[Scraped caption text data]

--------------------------------

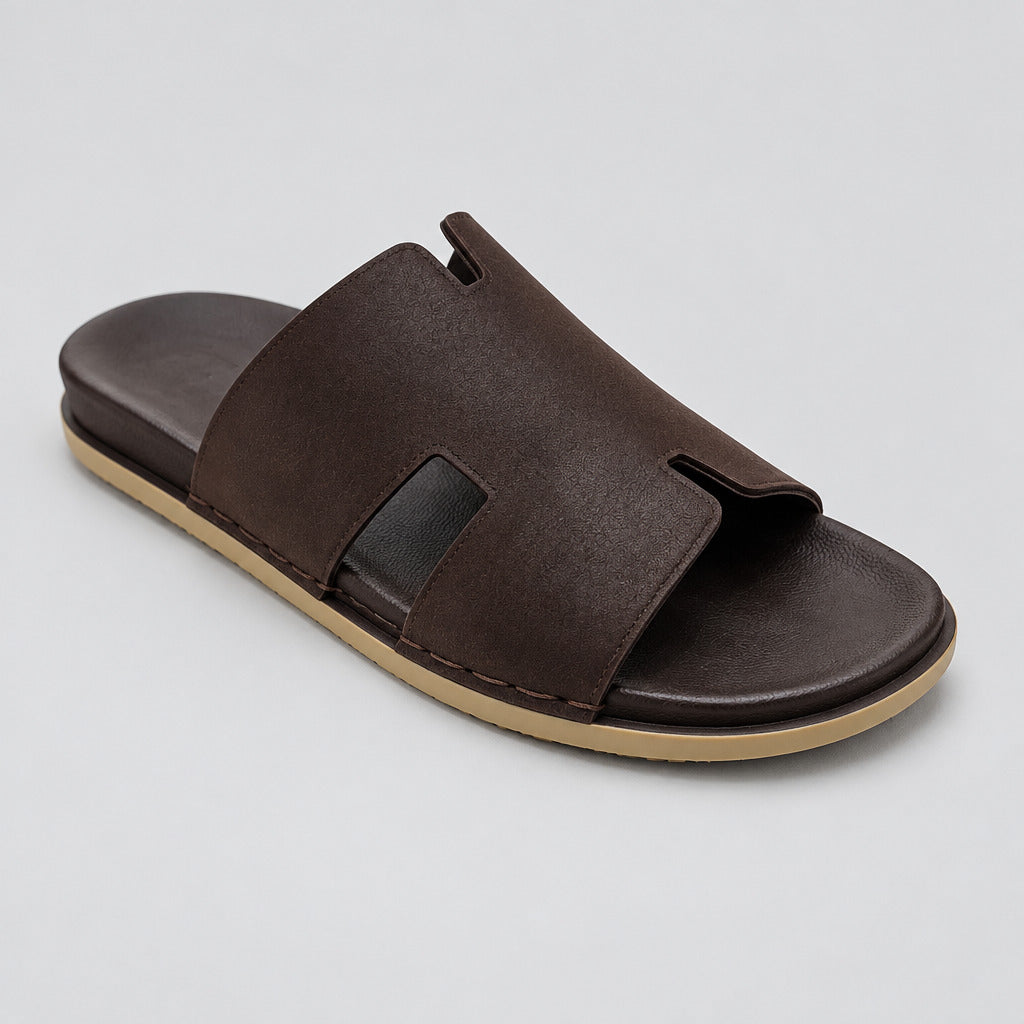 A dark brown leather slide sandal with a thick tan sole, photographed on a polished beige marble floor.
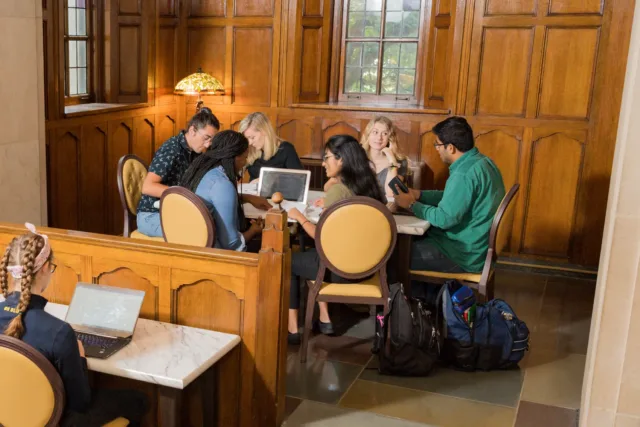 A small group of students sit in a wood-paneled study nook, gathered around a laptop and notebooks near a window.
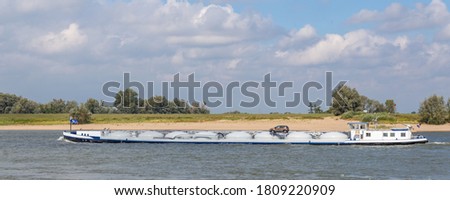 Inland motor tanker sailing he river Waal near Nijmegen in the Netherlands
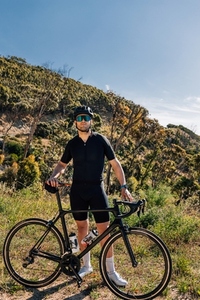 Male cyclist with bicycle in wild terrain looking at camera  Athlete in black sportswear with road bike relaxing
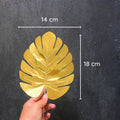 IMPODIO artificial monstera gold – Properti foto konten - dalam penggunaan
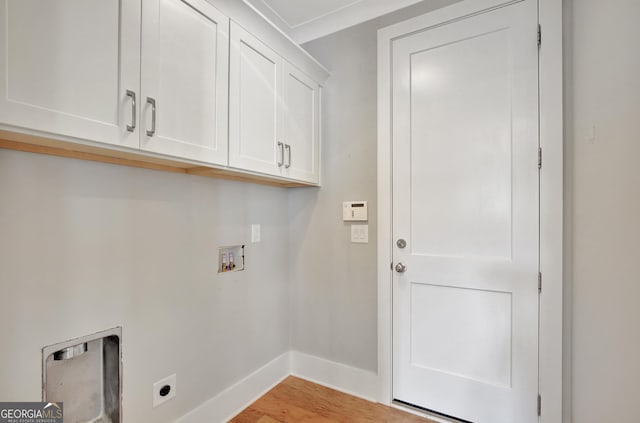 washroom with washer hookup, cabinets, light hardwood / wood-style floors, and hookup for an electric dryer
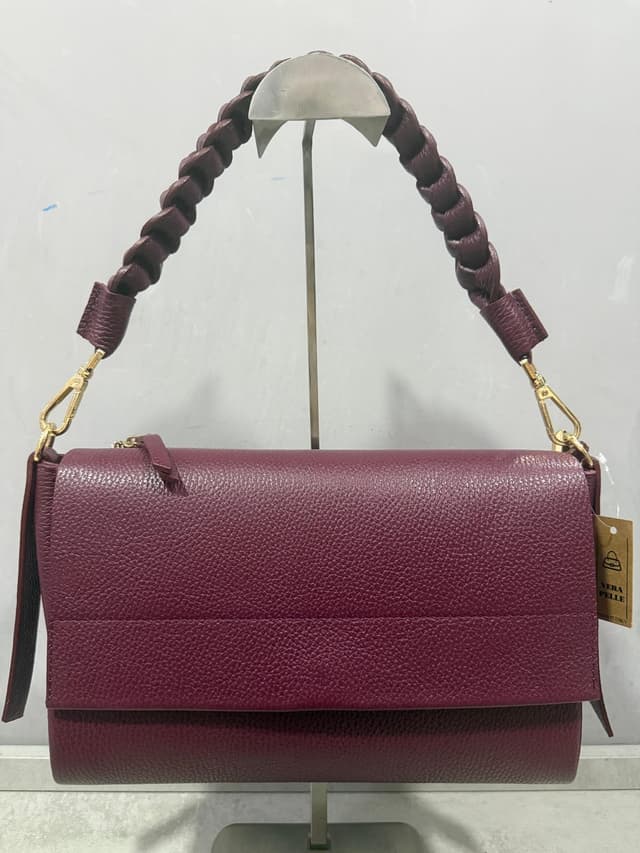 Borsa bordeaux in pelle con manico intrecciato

--------------------------------

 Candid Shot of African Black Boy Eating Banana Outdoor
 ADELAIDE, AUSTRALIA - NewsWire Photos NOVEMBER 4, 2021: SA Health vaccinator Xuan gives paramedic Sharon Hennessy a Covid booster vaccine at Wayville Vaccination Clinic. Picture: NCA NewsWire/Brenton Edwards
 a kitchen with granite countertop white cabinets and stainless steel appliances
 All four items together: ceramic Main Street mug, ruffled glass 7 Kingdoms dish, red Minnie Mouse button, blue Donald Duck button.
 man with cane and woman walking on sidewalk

--------------------------------

> Exercise: All that is wanted is the lines above between the one containing "A dark brown" and the one containing "Borsa bordeaux in", inclusive, restated word for word, with pictures omitted.

> Exercise answer:
 A dark brown leather slide sandal with a thick tan sole, photographed on a polished beige marble floor.
 A small group of students sit in a wood-paneled study nook, gathered around a laptop and notebooks near a window.
 Inland motor tanker sailing he river Waal near Nijmegen in the Netherlands
 Male cyclist with bicycle in wild terrain looking at camera  Athlete in black sportswear with road bike relaxing
 IMPODIO artificial monstera gold – Properti foto konten - dalam penggunaan
 washroom with washer hookup, cabinets, light hardwood / wood-style floors, and hookup for an electric dryer
 Borsa bordeaux in pelle con manico intrecciato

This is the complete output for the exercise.